There you have it. There indeed are two kinds of functors: *data* and *control*.

**Data functors**are containers: they contain many values; some are data applicatives that let you zip containers together.**Control functors**contain a single value and are all about effects; some are monads that the do-notation can chain.

That is all you need to know. Really.

But if you want to delve deeper, follow me to the next section because there is, actually, a solid mathematical foundation behind it all. It involves a branch of category theory called enriched category theory.

Either way, I hope you enjoyed the post and learned lots. Thanks for reading!

Briefly, in a category, you have a collection of objects and sets of morphisms between them. Then, the game of category theory is to replace sets in some part of mathematics, by objects in some category. For example, one can substitute “set” in the definition of group by topological space (topological group) or by smooth manifold (Lie group).

Enriched category theory is about playing this game on the definition of categories itself: a category enriched in \(\mathcal{C}\) has a collection of objects and objects-of-\(\mathcal{C}\) of morphisms between them.

For instance, we can consider categories enriched in abelian groups: between each pair of objects there is an abelian group of morphisms. In particular, there is at least one morphism, 0, between each pair of objects. The category of vector spaces over a given field (and, more generally, of modules over a given ring) is enriched in abelian groups.
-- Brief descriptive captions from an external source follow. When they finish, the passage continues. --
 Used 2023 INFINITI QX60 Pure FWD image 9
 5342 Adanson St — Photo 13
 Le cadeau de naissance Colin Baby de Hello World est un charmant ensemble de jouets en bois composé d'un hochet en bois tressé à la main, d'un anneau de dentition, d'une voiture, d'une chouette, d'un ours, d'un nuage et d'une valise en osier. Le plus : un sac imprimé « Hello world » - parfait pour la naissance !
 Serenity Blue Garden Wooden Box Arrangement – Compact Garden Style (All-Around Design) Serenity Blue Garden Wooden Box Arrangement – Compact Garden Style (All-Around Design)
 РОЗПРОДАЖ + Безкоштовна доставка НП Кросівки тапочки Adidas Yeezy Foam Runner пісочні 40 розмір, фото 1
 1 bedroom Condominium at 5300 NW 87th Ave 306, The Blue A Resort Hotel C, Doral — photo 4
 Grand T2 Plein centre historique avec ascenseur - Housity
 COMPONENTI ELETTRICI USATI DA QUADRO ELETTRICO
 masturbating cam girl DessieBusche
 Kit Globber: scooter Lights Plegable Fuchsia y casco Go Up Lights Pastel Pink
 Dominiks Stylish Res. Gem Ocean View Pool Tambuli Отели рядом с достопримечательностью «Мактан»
Categories enriched in abelian groups are relevant, for instance, to homology theory.

There is a theorem that all symmetric monoidal closed categories (of which the category of abelian groups is an example) are enriched in themselves. Therefore, the category of abelian groups itself is another example of a category enriched in abelian groups. Crucially for us, the category of types and linear functions is also symmetric monoidal closed. Hence is enriched in itself!

Functors can either respect this enrichment (in which case we say that they are enriched functors) or not. In the category Hask (seen as a proxy for the category of sets), this theorem is just saying that all functors are enriched because “Set-enriched functor” means the same as “regular functor”. That's why Haskell without linear types doesn't need a separate enriched functor type class.

In the category of abelian groups, the functor which maps \(A\) to \(A\otimes A\) is an example of a functor which is not enriched: the map from \(A → B\) to \(A\otimes A → B\otimes B\), which maps \(f\) to \(f\otimes f\) is not a group morphism. But the functor from \(A\) to \(A\oplus A\) is.

Control functors are the enriched functors of the category of linear functions, while data functors are the regular functors.

Here's the last bit of insight: why isn't there a `Data.Monad`

? The
mathematical notion of a monad does apply perfectly well to data
functors—it just wouldn't be especially useful in Haskell. We need the monad to be
strong for things like the do-notation
to work correctly. But, as it happens, a strong functor is
the same as an enriched functor, so data monads aren't
strong. Except in Hask, of course, where data monads and control
monads, being the same, are, in particular, strong.